IT MIGHT be noted, though, that there has been some progress in this area. Several countries are finally realizing that the fallout – literal and figurative – of Iranian nuclear weapons would affect them. And although Ahmadinejad continues his demands to “wipe the Zionist entity off the map” at least it means he has put us there in the first place.
Israel does exist, albeit stuck uncomfortably between the devil and the deep blue Mediterranean Sea. It even manages to find reasons to celebrate (other than simply its survival, no mean achievement in itself).
One thing’s for sure: Israelis don’t die of boredom.
If you follow local politics, why bother thinking of a Purimspiel? The satire is built in.
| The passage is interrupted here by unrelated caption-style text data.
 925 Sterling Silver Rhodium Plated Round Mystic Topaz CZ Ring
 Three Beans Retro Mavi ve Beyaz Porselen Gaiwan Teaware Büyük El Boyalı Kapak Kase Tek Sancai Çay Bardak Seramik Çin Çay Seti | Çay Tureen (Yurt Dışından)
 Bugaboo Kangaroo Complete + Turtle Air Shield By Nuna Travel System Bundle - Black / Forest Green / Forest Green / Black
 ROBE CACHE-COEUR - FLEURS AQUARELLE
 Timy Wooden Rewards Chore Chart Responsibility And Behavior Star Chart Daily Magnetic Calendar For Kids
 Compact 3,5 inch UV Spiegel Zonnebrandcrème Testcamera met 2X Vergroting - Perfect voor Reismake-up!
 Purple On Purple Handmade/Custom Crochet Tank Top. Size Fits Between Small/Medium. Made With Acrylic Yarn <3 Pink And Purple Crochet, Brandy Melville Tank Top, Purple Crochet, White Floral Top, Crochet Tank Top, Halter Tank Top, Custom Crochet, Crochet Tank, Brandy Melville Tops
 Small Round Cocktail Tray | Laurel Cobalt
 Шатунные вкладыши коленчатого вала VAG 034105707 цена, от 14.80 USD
Ditto the world of the ever-more-extreme ultra-Orthodox zealots: How is it, for example, in the week in which the Rabbinical Council for Public Transportation reportedly advised ultra-Orthodox airline passengers to hang a “mehitza” around the top of their airplane seats to shield them from immodesty, a colleague sent me a picture of a haredi family in Jerusalem celebrating Purim with all the numerous children sporting Father Christmas costumes? Perhaps this is what happens when you are so cut off from the outside world. Or maybe in the age of Photoshop, when revolutions are carried out via Twitter, you don’t know what to believe any more.
Purim, after all, is a reminder that nothing is quite as it seems. It’s also a time to eat, drink and have fun. May we always have the last laugh.